- [WORK INSTRUCTIONS] Below is a listing from which only part is wanted; return exactly the lines from the one with "2012 Ford F-250SD King Ranch" up to and including the one with "ALLES NEU – Women Cap".

- [EXERCISE MATERIAL]
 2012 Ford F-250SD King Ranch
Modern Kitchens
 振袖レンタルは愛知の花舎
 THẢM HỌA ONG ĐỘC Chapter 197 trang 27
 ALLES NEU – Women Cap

--

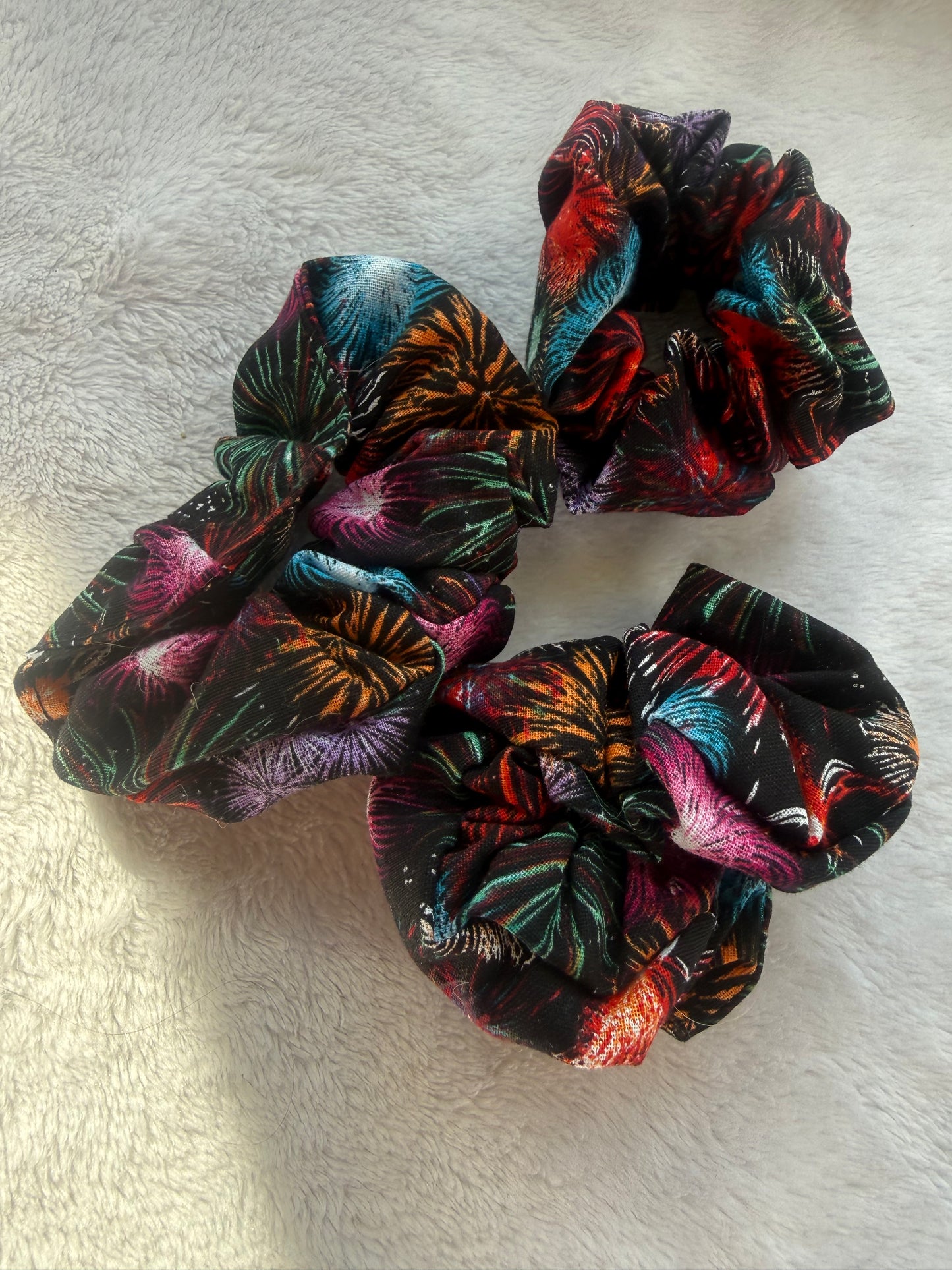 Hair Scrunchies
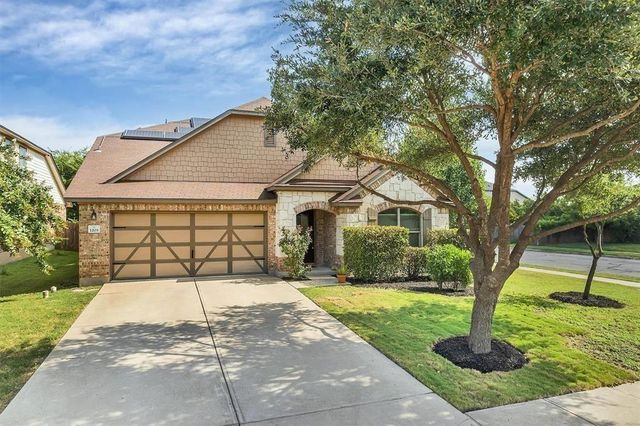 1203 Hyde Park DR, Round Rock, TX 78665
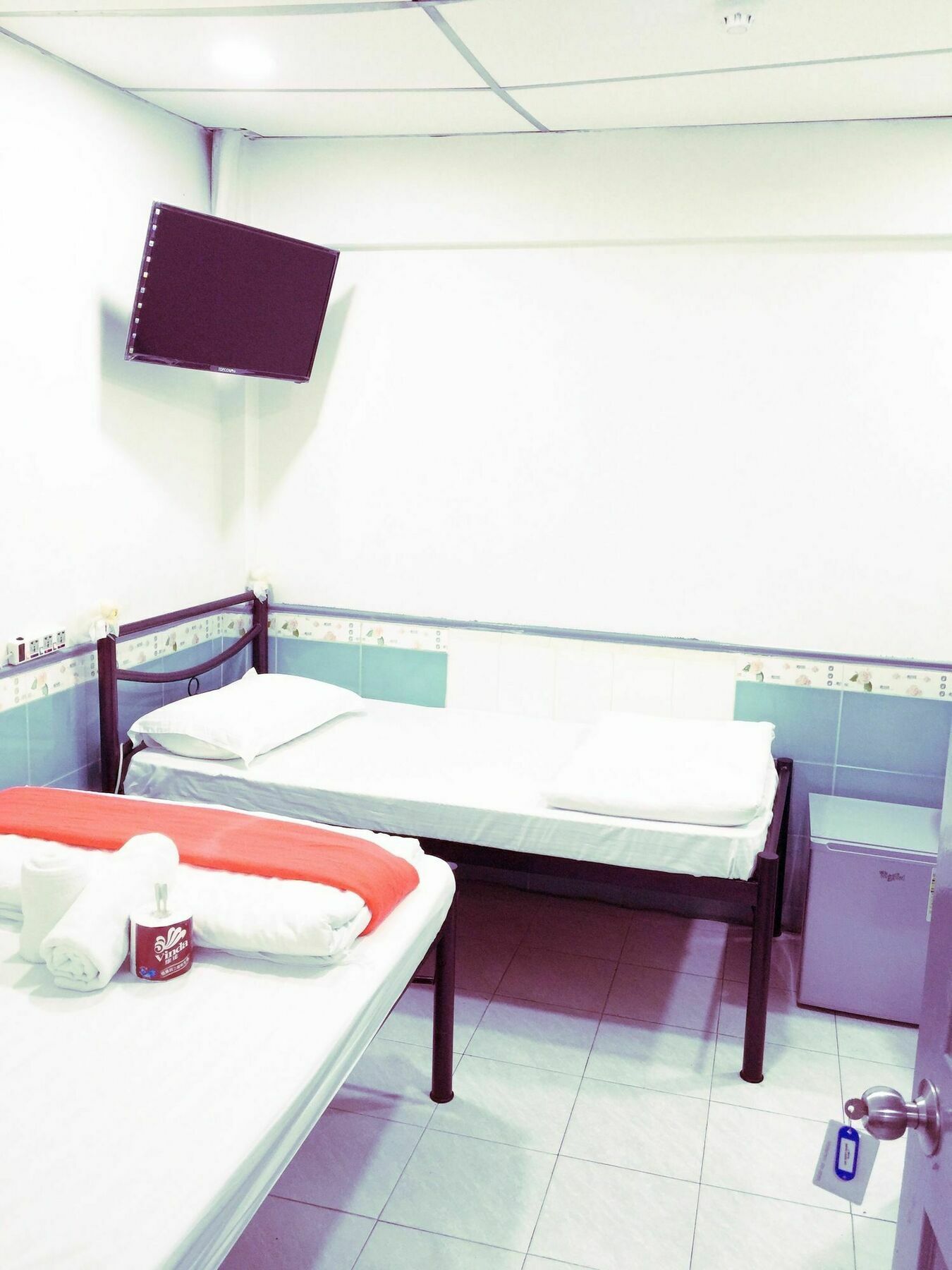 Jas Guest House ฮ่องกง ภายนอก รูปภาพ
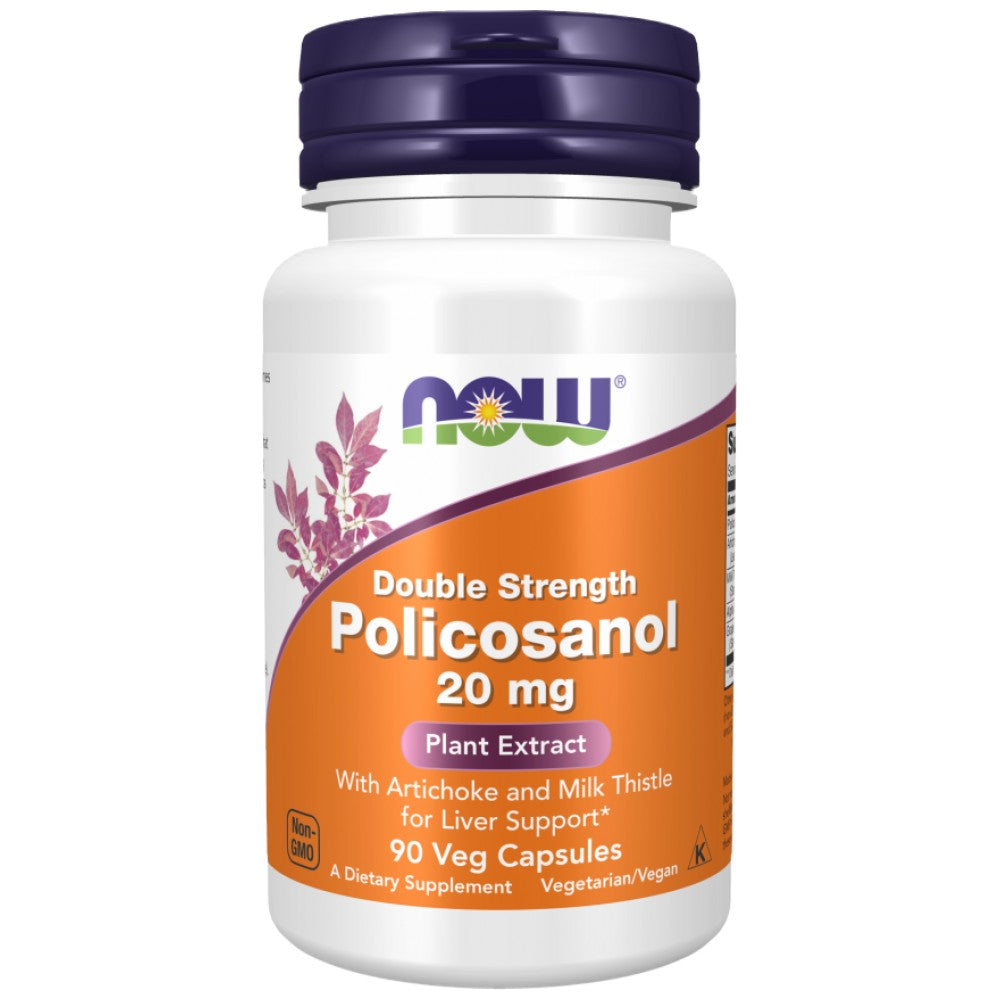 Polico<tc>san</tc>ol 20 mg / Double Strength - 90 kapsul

--

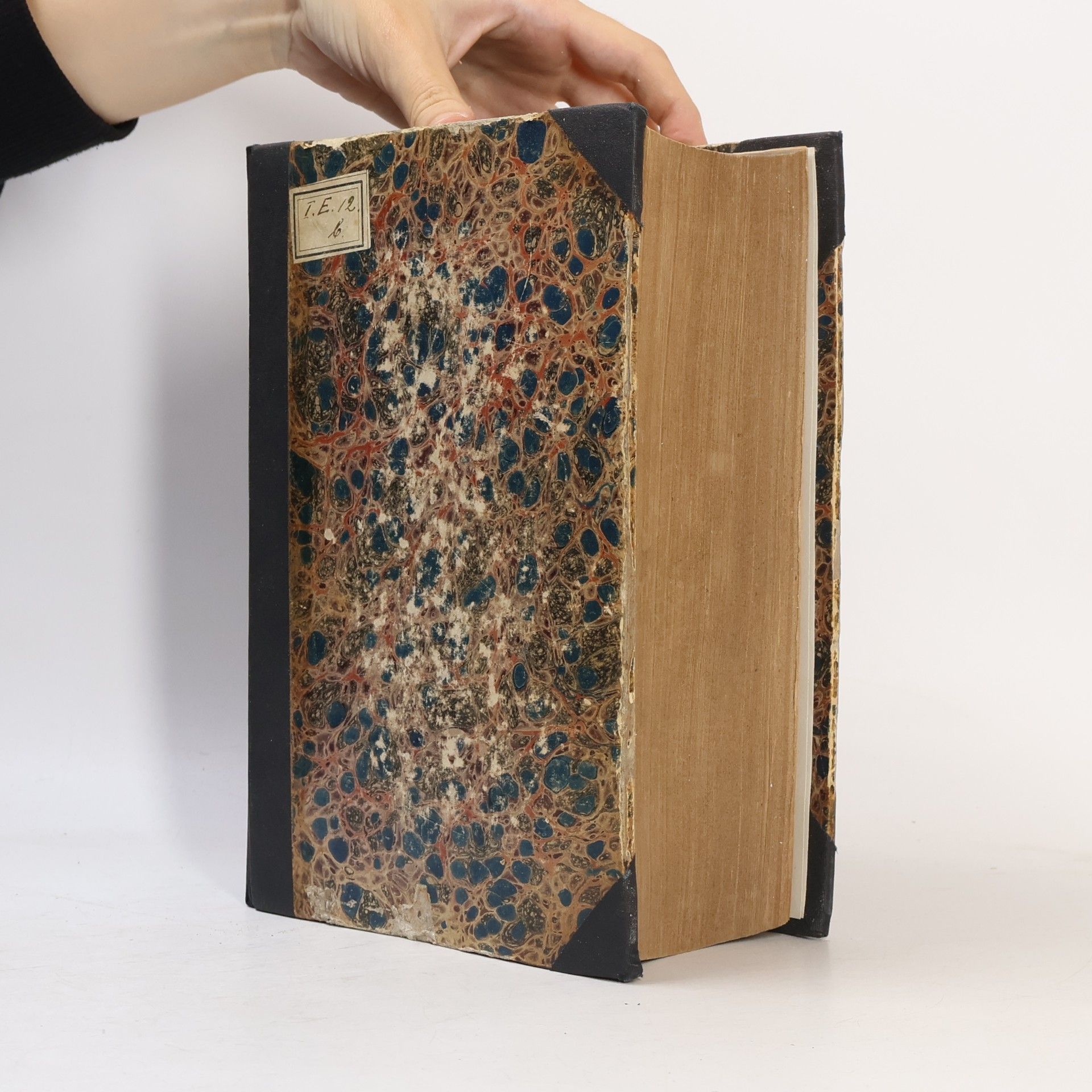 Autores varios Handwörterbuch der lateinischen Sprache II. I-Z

- [WRITTEN RESPONSE]
 2012 Ford F-250SD King Ranch
Modern Kitchens
 振袖レンタルは愛知の花舎
 THẢM HỌA ONG ĐỘC Chapter 197 trang 27
 ALLES NEU – Women Cap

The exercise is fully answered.